There are those of us who suspect the motives of rock's so-called New Wave. The whole thing came up too quickly, nicely packaged and ready to wear. It smells of hype and fad and a kind of impermanence that would shock even Mark Spitz.
There are, no doubt, New Wave musicians who will be remembered. They will be heard 20 years from now and win new converts. Just as Buddy Holly came out of nowhere to revamp the simple-minded '50s, just as the Beatles saved us from a decade of the Ronettes, someone in New Wave will pop up out of the cake and take over.
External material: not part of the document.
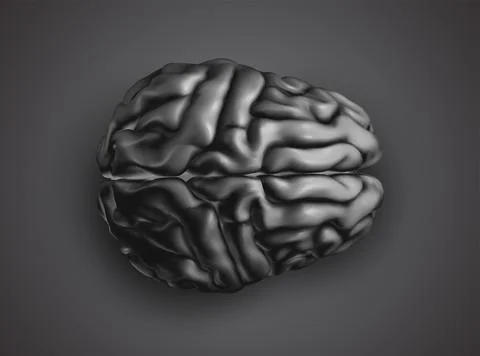 Anatomical human brain, mesh vector, scientific article design and medical bo イラスト素材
The first of those someones seems to be Elvis Costello. In a musical period which has the motto "Don't change the songs, change the titles," Costello has been incorporating new and different elements into his music.
His new album, Trust, has enough more-of-the-same-from-Elvis-C. cuts to sell the record, but he's doing some experimenting, too. He's added some reggae, some ballads. He seems to have realized that the thumpathumpathumpa guitar redundancies upon which most New Wave musicians rely so heavily do not make for easy, long-term listening.
It is very hard to concentrate, for example, through two sides of Dave Edmunds or even early Elvis Costello. It's almost as though the record has a scratch on it, and you just keep hearing the same thing over and over.
Costello has learned about pacing an album. He has his new stuff and he has his old stuff, and just when I thought I was going to have to skip a couple of songs something different, something new and interesting, came rolling out of the box.
I've been known to say that New Wave is nothing more than 1963 with a bad attitude and torn sneakers, and by and large I stand by that. But Costello's latest is changing my opinion; there is at least one serious musician out there. The move-the-product cynicism has not infested this entire generation of musicians.